Cet article s’insère dans l’un des volets de notre grande enquête participative sur l’hypersurveillance à la belge.
On s’inquiète pour leur bien.
Avouez-le. Notre génération de parents flippe ou… surprotège ses enfants.
Pourquoi ? Avançons deux explications (il doit en y avoir d’autres). Une pure belge et une autre sociétale.
D’abord la belge parce qu’elle va être vite comprise : elle s’appelle Marc Dutroux. Nous sommes marqués au fer rouge par un traumatisme. « La camionnette de Dutroux est entrée dans l’imaginaire collectif », explique Abraham Franssen, sociologue à l’université Saint-Louis. Mais cette figure de l’ogre – propre à toute société, hein, nous n’avons pas le monopole absolu niveau dévoreurs d’enfants – a changé d’aspect : « La nouvelle camionnette de Dutroux, c’est le profil facebook du méchant pervers. »
Ensuite, l’explication sociétale. Nos enfants ne sont plus « rois », ce ne sont plus non plus des forces laborieuses pour le champ. Ce sont des « potentiels cachés » !
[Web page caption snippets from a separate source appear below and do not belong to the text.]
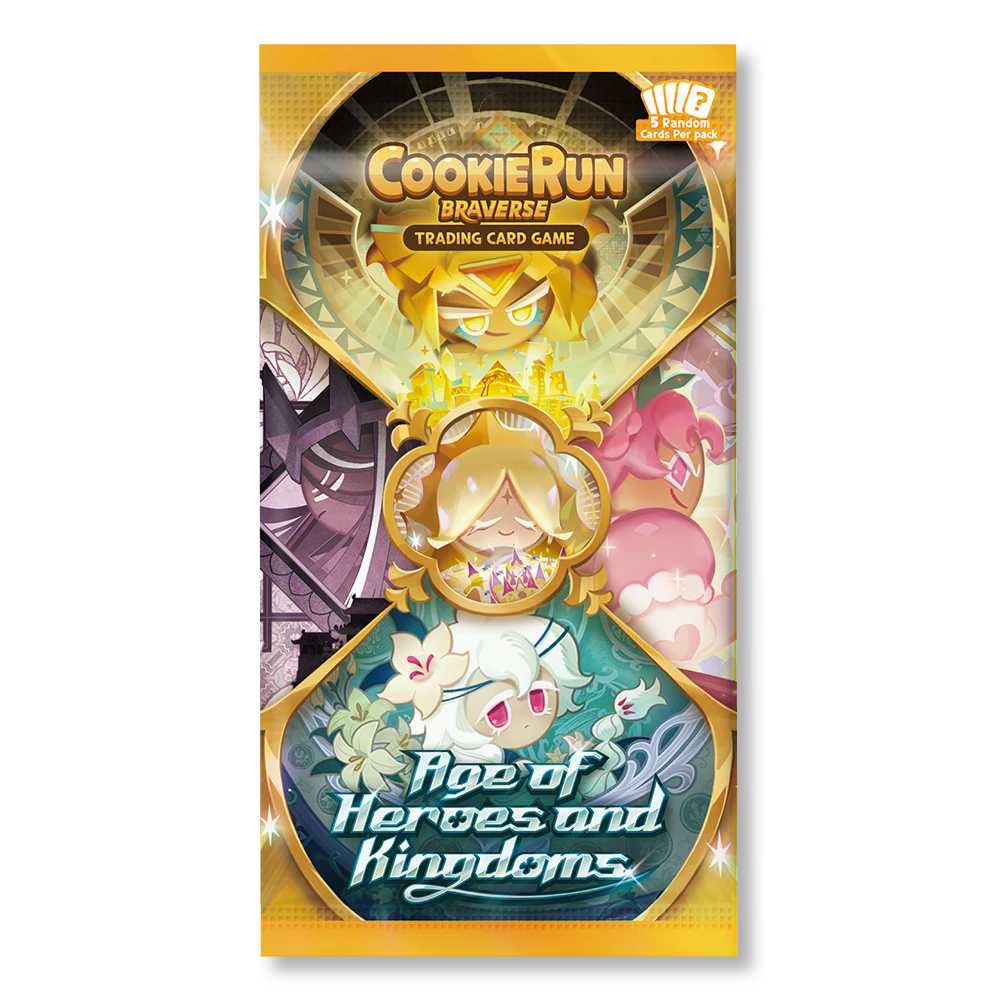 COOKIERUN AGE OF HEROES & KINGDOMS BOOSTER PACK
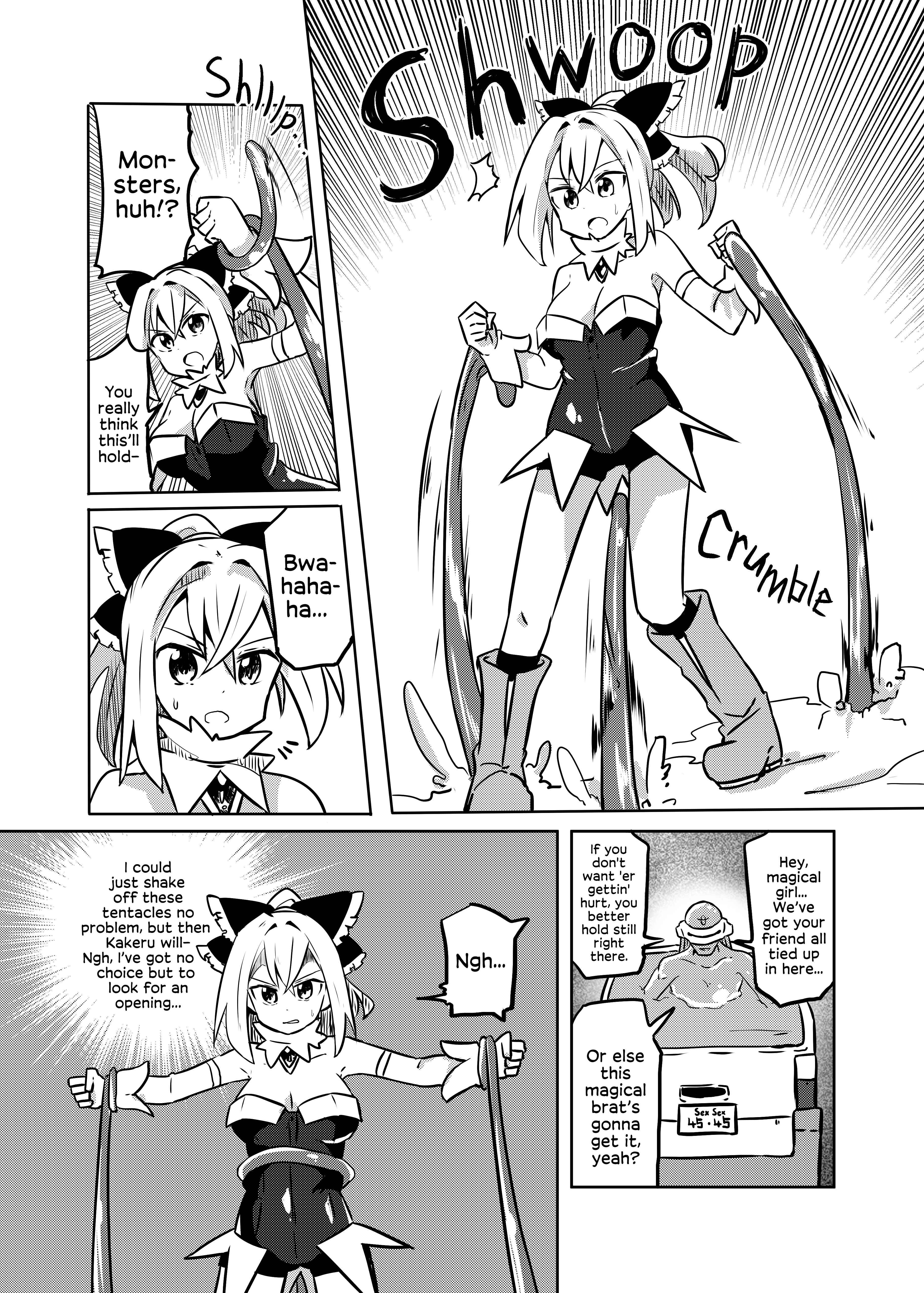 Page 8 Chapter 15 Mahou Shoujo Kakeru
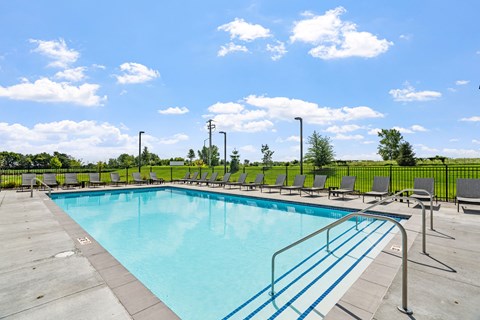 Outdoor Pool with Sundeck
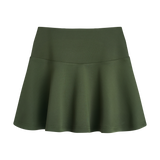 THE MEDALLION SKIRT-GREEN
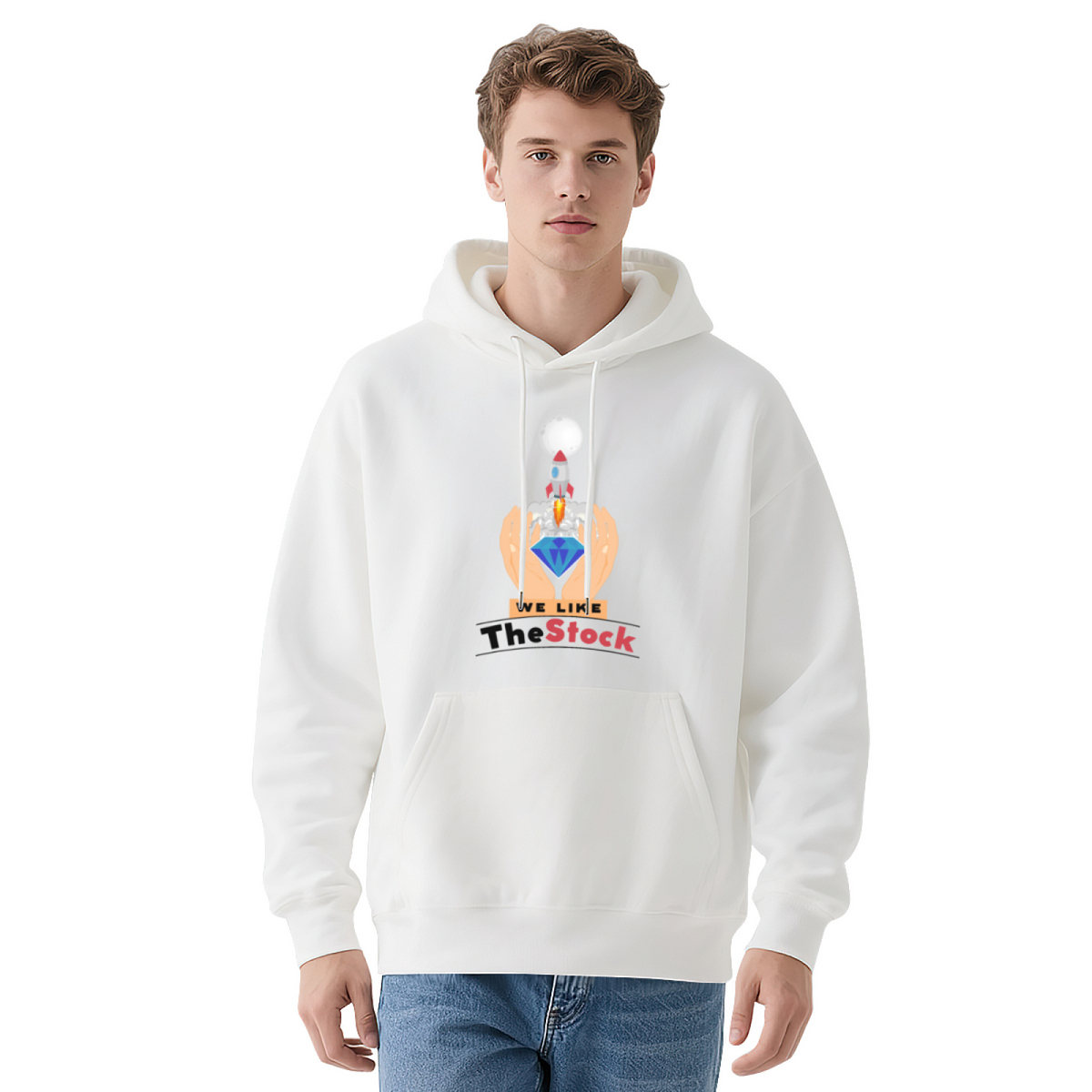 Statement Piece Hoodie - Bold Design Pullover #0685 product image 10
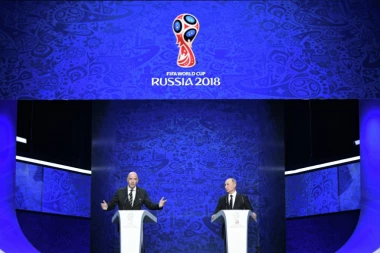Karte za Mundijal idu kao alva: FIFA PRIMILA 1,3 MILIONA REZERVACIJA U ROKU OD 24 SATA!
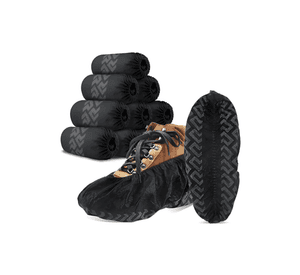 Cubre Zapato Negro 100 Unidades Antideslizante Cleancarrier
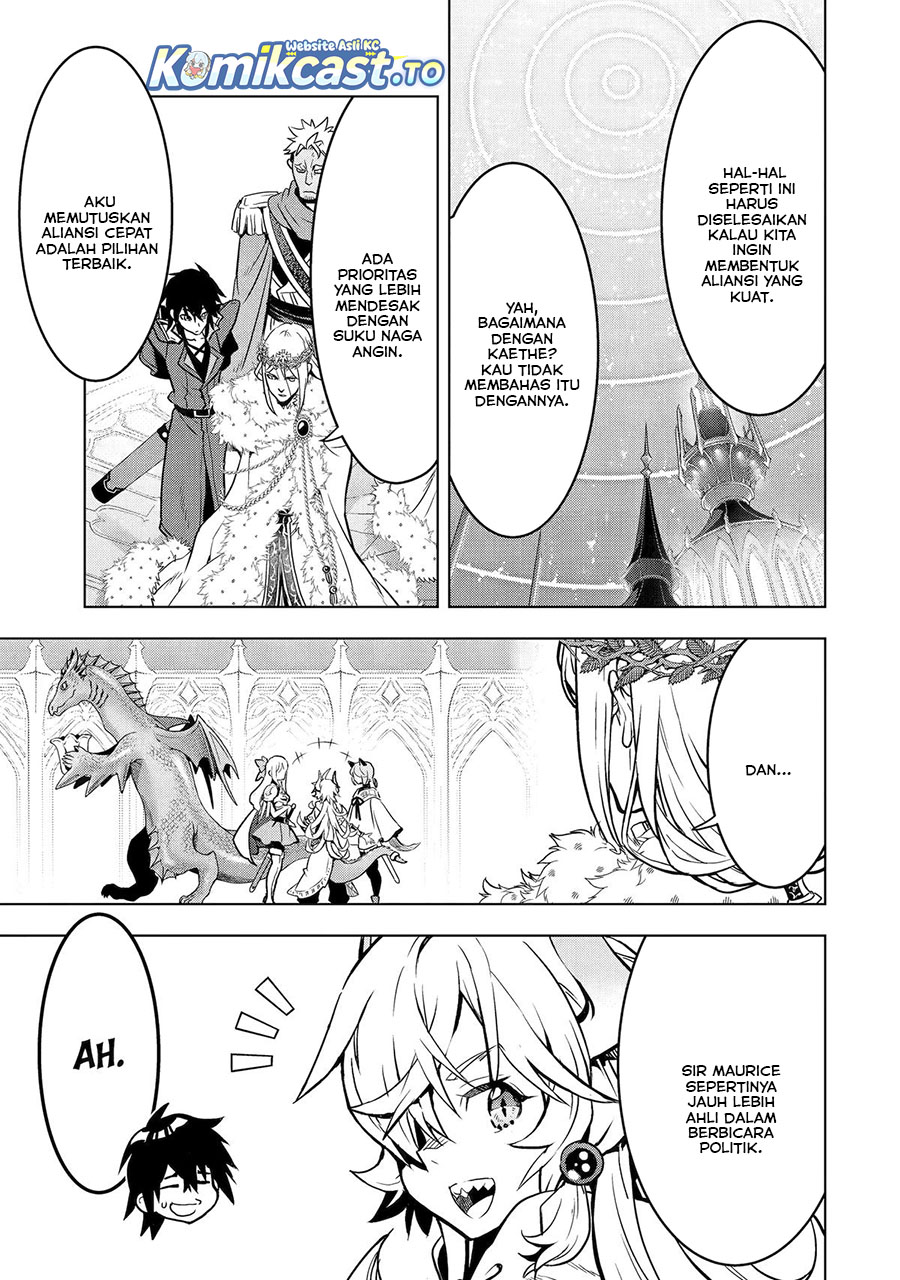 Baca Koko wa Ore ni Makasete Saki ni Ike to Itte kara 10 Nen ga Tattara Densetsu ni Natteita - Chapter 36 halaman 13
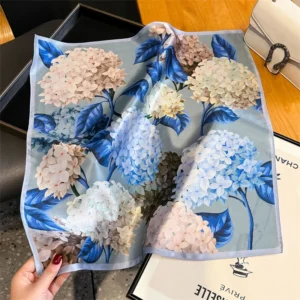 Blue Hydrangeas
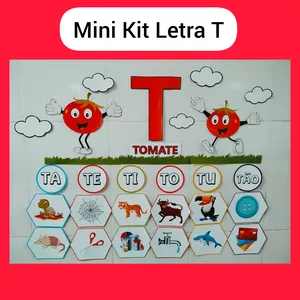 Imagem de capa para o Ebook Mini Kit Letra T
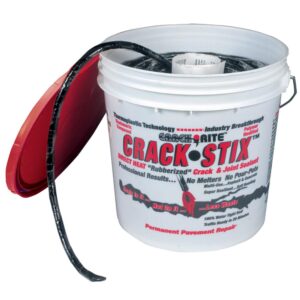 crack-stix 125 foot 1/2" blacktop crack filler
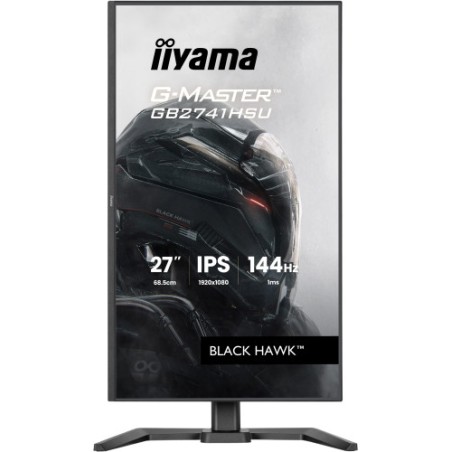 35142-MONITOR IIYAMA 27 PULGADAS RESOLUCION WQHD (2560X1440), PANEL IPS, 5 MS, 70 HZ, BRILLO 350, CONTRASTE 1000:1, HDMI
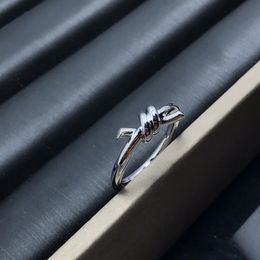 Modeontwerper Sterling zilveren ringen sieraden vrouw man paar minnaar trouwring belofte ring verlovingsringen verjaardagsfeestje goed leuk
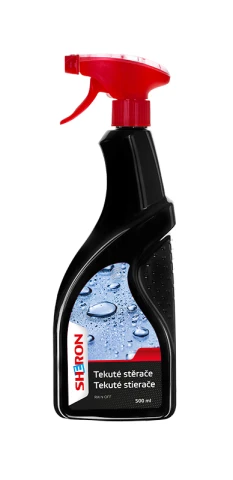 SHERON Rain off - tekuté stierače - 500 ml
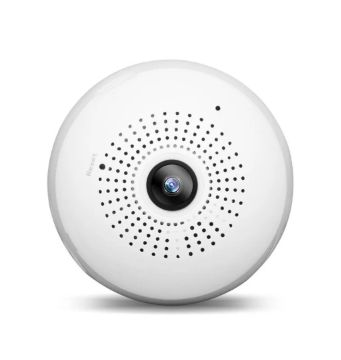 E27 360 ° Caméra panoramique 1080P IR Ampoule Wifi Fisheye CCTV caméra de sécurité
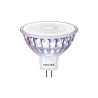 Lampadina led philips master mr16 gu5.3 930/630lm/60d/7.5w bianco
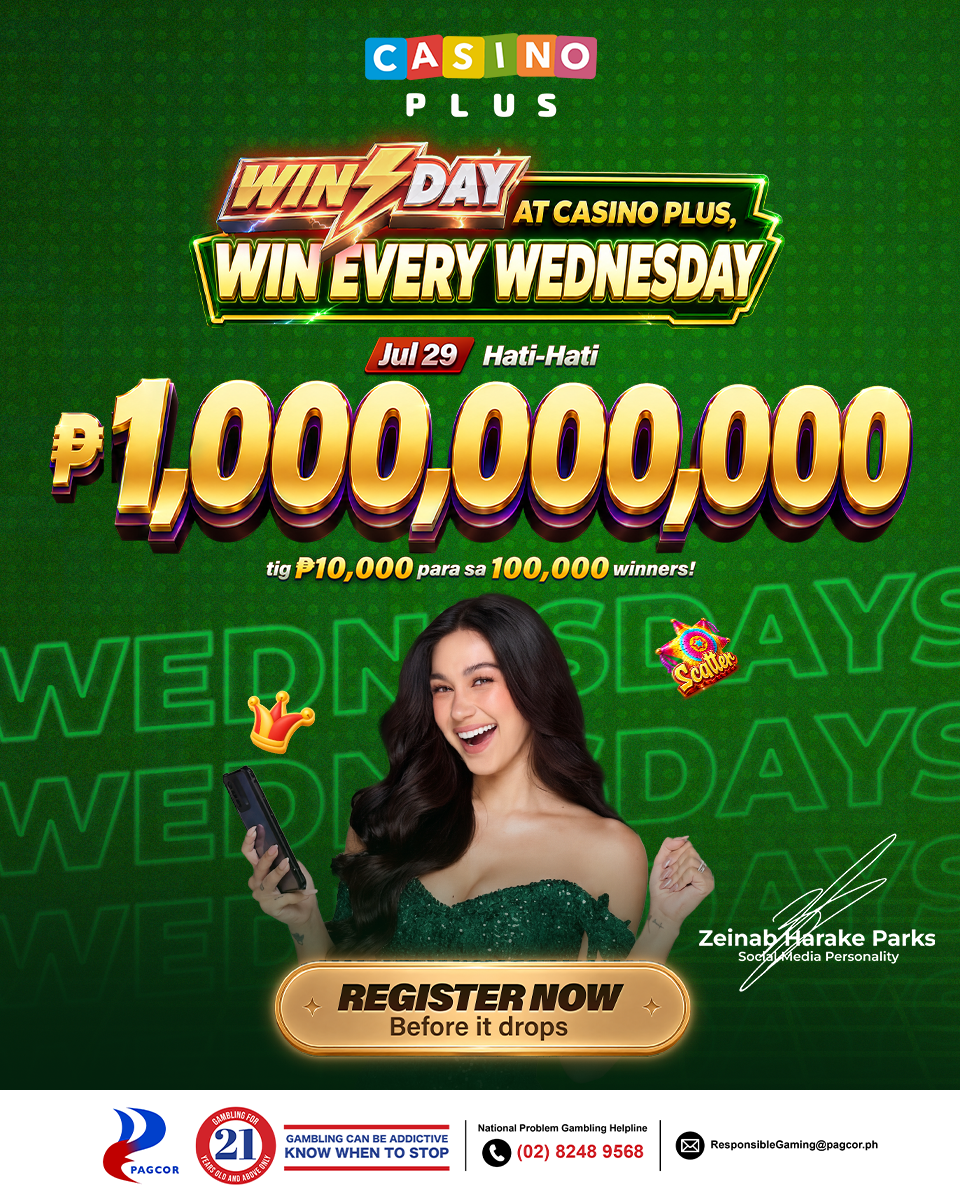 Casino Plus Facebook ad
Solène Mignon, doctorante à l’université Saint-Louis, étudie le boom du « coaching parental » pour un projet européen (ERC). Et nous explique ce qui a changé :
« On est passé du statut d’enfant roi à celui de l’enfant au cerveau immature, avec la vague des neuro-sciences. L’enfant est désormais vu comme ayant un potentiel caché, sans limite, qu’il conviendrait d’aider à développer. Et c’est sur les parents que pèse de plus en plus plus cette responsabilité éducative. Ils deviennent des guides pour permettre à leur enfant de développer ses compétences et son autonomie. Mais les limites ne sont jamais exposées clairement. Ce …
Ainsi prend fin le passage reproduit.